WORK ORDER: In full and word for word, restate the lines of the listing.

PROVIDED RECORDS:

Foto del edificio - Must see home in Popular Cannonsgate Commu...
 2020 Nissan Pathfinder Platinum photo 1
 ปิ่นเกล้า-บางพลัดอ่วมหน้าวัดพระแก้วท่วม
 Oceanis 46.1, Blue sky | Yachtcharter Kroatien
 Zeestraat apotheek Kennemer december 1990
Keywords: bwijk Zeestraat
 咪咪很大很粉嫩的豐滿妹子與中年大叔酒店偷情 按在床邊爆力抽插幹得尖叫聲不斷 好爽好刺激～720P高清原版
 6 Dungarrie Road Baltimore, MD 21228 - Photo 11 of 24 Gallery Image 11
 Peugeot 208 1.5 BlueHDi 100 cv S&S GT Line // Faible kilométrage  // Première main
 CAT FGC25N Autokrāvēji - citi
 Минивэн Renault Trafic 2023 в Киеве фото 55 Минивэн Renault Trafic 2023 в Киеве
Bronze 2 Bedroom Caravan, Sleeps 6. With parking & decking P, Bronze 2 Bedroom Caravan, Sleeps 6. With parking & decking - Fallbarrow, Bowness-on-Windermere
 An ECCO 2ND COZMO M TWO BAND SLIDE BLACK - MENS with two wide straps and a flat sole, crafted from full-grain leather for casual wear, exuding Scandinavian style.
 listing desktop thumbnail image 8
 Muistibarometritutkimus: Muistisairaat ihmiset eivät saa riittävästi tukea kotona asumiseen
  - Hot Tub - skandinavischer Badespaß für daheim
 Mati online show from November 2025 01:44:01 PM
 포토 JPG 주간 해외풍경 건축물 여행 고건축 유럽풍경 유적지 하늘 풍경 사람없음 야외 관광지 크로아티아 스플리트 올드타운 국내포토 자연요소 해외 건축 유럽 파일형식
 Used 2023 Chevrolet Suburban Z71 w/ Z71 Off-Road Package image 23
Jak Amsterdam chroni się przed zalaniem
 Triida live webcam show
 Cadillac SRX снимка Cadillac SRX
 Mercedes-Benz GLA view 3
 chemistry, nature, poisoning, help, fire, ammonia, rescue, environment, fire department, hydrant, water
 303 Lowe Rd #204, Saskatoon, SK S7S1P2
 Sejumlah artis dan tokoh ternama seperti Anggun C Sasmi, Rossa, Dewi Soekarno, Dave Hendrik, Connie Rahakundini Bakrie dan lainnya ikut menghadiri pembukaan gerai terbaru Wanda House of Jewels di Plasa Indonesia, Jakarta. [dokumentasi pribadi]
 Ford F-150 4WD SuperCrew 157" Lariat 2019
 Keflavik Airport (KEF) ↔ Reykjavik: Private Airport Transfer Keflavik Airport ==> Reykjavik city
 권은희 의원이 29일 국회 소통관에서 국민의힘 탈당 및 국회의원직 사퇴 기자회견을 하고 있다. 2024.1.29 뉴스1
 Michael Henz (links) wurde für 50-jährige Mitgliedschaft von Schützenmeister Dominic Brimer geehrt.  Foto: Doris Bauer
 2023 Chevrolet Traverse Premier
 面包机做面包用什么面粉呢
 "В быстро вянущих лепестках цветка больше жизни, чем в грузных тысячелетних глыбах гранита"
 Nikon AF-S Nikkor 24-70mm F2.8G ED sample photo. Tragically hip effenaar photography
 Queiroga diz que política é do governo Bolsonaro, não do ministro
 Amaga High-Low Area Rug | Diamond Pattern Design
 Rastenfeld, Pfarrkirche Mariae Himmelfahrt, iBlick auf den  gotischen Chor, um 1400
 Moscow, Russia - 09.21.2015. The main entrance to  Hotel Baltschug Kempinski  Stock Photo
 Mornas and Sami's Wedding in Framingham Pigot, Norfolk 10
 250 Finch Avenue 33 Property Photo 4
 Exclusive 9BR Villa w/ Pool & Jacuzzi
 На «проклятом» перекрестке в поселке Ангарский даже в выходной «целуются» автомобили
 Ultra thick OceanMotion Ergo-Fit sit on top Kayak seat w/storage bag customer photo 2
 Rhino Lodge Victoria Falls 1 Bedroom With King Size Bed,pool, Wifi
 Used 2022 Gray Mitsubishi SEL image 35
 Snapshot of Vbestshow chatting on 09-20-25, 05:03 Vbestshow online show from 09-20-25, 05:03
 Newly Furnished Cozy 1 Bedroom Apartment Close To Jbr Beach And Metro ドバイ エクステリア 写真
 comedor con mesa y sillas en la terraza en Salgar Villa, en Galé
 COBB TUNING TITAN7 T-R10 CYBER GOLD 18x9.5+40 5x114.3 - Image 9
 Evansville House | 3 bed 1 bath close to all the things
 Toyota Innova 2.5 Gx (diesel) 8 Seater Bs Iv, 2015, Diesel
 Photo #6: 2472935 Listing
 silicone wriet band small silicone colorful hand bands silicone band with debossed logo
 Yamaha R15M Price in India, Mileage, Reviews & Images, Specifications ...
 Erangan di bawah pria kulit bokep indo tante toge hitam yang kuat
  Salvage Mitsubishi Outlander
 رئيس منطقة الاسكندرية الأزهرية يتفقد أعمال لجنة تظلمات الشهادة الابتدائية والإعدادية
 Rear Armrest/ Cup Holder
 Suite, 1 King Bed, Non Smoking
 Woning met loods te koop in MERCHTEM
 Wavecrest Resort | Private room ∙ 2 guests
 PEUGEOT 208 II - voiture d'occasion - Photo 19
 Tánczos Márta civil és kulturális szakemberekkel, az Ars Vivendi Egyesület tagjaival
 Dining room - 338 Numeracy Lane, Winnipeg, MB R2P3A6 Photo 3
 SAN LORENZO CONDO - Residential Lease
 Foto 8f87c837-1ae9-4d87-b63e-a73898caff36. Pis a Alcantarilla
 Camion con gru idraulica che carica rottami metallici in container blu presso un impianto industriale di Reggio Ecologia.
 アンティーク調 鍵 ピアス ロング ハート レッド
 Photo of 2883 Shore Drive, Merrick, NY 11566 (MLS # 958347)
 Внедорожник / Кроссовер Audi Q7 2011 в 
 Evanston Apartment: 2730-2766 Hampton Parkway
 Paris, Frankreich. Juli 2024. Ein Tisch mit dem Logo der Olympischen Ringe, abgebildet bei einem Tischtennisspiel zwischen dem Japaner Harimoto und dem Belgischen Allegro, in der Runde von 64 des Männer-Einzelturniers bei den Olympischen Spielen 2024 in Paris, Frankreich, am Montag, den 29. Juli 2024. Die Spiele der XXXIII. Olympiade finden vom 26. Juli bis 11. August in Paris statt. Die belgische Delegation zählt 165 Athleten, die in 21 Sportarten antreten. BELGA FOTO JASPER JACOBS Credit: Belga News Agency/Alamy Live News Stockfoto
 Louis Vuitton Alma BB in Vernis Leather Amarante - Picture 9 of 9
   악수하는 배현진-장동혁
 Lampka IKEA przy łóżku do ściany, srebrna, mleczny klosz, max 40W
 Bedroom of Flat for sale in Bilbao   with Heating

EXERCISE RESPONSE:
Foto del edificio - Must see home in Popular Cannonsgate Commu...
 2020 Nissan Pathfinder Platinum photo 1
 ปิ่นเกล้า-บางพลัดอ่วมหน้าวัดพระแก้วท่วม
 Oceanis 46.1, Blue sky | Yachtcharter Kroatien
 Zeestraat apotheek Kennemer december 1990
Keywords: bwijk Zeestraat
 咪咪很大很粉嫩的豐滿妹子與中年大叔酒店偷情 按在床邊爆力抽插幹得尖叫聲不斷 好爽好刺激～720P高清原版
 6 Dungarrie Road Baltimore, MD 21228 - Photo 11 of 24 Gallery Image 11
 Peugeot 208 1.5 BlueHDi 100 cv S&S GT Line // Faible kilométrage  // Première main
 CAT FGC25N Autokrāvēji - citi
 Минивэн Renault Trafic 2023 в Киеве фото 55 Минивэн Renault Trafic 2023 в Киеве
Bronze 2 Bedroom Caravan, Sleeps 6. With parking & decking P, Bronze 2 Bedroom Caravan, Sleeps 6. With parking & decking - Fallbarrow, Bowness-on-Windermere
 An ECCO 2ND COZMO M TWO BAND SLIDE BLACK - MENS with two wide straps and a flat sole, crafted from full-grain leather for casual wear, exuding Scandinavian style.
 listing desktop thumbnail image 8
 Muistibarometritutkimus: Muistisairaat ihmiset eivät saa riittävästi tukea kotona asumiseen
  - Hot Tub - skandinavischer Badespaß für daheim
 Mati online show from November 2025 01:44:01 PM
 포토 JPG 주간 해외풍경 건축물 여행 고건축 유럽풍경 유적지 하늘 풍경 사람없음 야외 관광지 크로아티아 스플리트 올드타운 국내포토 자연요소 해외 건축 유럽 파일형식
 Used 2023 Chevrolet Suburban Z71 w/ Z71 Off-Road Package image 23
Jak Amsterdam chroni się przed zalaniem
 Triida live webcam show
 Cadillac SRX снимка Cadillac SRX
 Mercedes-Benz GLA view 3
 chemistry, nature, poisoning, help, fire, ammonia, rescue, environment, fire department, hydrant, water
 303 Lowe Rd #204, Saskatoon, SK S7S1P2
 Sejumlah artis dan tokoh ternama seperti Anggun C Sasmi, Rossa, Dewi Soekarno, Dave Hendrik, Connie Rahakundini Bakrie dan lainnya ikut menghadiri pembukaan gerai terbaru Wanda House of Jewels di Plasa Indonesia, Jakarta. [dokumentasi pribadi]
 Ford F-150 4WD SuperCrew 157" Lariat 2019
 Keflavik Airport (KEF) ↔ Reykjavik: Private Airport Transfer Keflavik Airport ==> Reykjavik city
 권은희 의원이 29일 국회 소통관에서 국민의힘 탈당 및 국회의원직 사퇴 기자회견을 하고 있다. 2024.1.29 뉴스1
 Michael Henz (links) wurde für 50-jährige Mitgliedschaft von Schützenmeister Dominic Brimer geehrt.  Foto: Doris Bauer
 2023 Chevrolet Traverse Premier
 面包机做面包用什么面粉呢
 "В быстро вянущих лепестках цветка больше жизни, чем в грузных тысячелетних глыбах гранита"
 Nikon AF-S Nikkor 24-70mm F2.8G ED sample photo. Tragically hip effenaar photography
 Queiroga diz que política é do governo Bolsonaro, não do ministro
 Amaga High-Low Area Rug | Diamond Pattern Design
 Rastenfeld, Pfarrkirche Mariae Himmelfahrt, iBlick auf den  gotischen Chor, um 1400
 Moscow, Russia - 09.21.2015. The main entrance to  Hotel Baltschug Kempinski  Stock Photo
 Mornas and Sami's Wedding in Framingham Pigot, Norfolk 10
 250 Finch Avenue 33 Property Photo 4
 Exclusive 9BR Villa w/ Pool & Jacuzzi
 На «проклятом» перекрестке в поселке Ангарский даже в выходной «целуются» автомобили
 Ultra thick OceanMotion Ergo-Fit sit on top Kayak seat w/storage bag customer photo 2
 Rhino Lodge Victoria Falls 1 Bedroom With King Size Bed,pool, Wifi
 Used 2022 Gray Mitsubishi SEL image 35
 Snapshot of Vbestshow chatting on 09-20-25, 05:03 Vbestshow online show from 09-20-25, 05:03
 Newly Furnished Cozy 1 Bedroom Apartment Close To Jbr Beach And Metro ドバイ エクステリア 写真
 comedor con mesa y sillas en la terraza en Salgar Villa, en Galé
 COBB TUNING TITAN7 T-R10 CYBER GOLD 18x9.5+40 5x114.3 - Image 9
 Evansville House | 3 bed 1 bath close to all the things
 Toyota Innova 2.5 Gx (diesel) 8 Seater Bs Iv, 2015, Diesel
 Photo #6: 2472935 Listing
 silicone wriet band small silicone colorful hand bands silicone band with debossed logo
 Yamaha R15M Price in India, Mileage, Reviews & Images, Specifications ...
 Erangan di bawah pria kulit bokep indo tante toge hitam yang kuat
  Salvage Mitsubishi Outlander
 رئيس منطقة الاسكندرية الأزهرية يتفقد أعمال لجنة تظلمات الشهادة الابتدائية والإعدادية
 Rear Armrest/ Cup Holder
 Suite, 1 King Bed, Non Smoking
 Woning met loods te koop in MERCHTEM
 Wavecrest Resort | Private room ∙ 2 guests
 PEUGEOT 208 II - voiture d'occasion - Photo 19
 Tánczos Márta civil és kulturális szakemberekkel, az Ars Vivendi Egyesület tagjaival
 Dining room - 338 Numeracy Lane, Winnipeg, MB R2P3A6 Photo 3
 SAN LORENZO CONDO - Residential Lease
 Foto 8f87c837-1ae9-4d87-b63e-a73898caff36. Pis a Alcantarilla
 Camion con gru idraulica che carica rottami metallici in container blu presso un impianto industriale di Reggio Ecologia.
 アンティーク調 鍵 ピアス ロング ハート レッド
 Photo of 2883 Shore Drive, Merrick, NY 11566 (MLS # 958347)
 Внедорожник / Кроссовер Audi Q7 2011 в 
 Evanston Apartment: 2730-2766 Hampton Parkway
 Paris, Frankreich. Juli 2024. Ein Tisch mit dem Logo der Olympischen Ringe, abgebildet bei einem Tischtennisspiel zwischen dem Japaner Harimoto und dem Belgischen Allegro, in der Runde von 64 des Männer-Einzelturniers bei den Olympischen Spielen 2024 in Paris, Frankreich, am Montag, den 29. Juli 2024. Die Spiele der XXXIII. Olympiade finden vom 26. Juli bis 11. August in Paris statt. Die belgische Delegation zählt 165 Athleten, die in 21 Sportarten antreten. BELGA FOTO JASPER JACOBS Credit: Belga News Agency/Alamy Live News Stockfoto
 Louis Vuitton Alma BB in Vernis Leather Amarante - Picture 9 of 9
   악수하는 배현진-장동혁
 Lampka IKEA przy łóżku do ściany, srebrna, mleczny klosz, max 40W
 Bedroom of Flat for sale in Bilbao   with Heating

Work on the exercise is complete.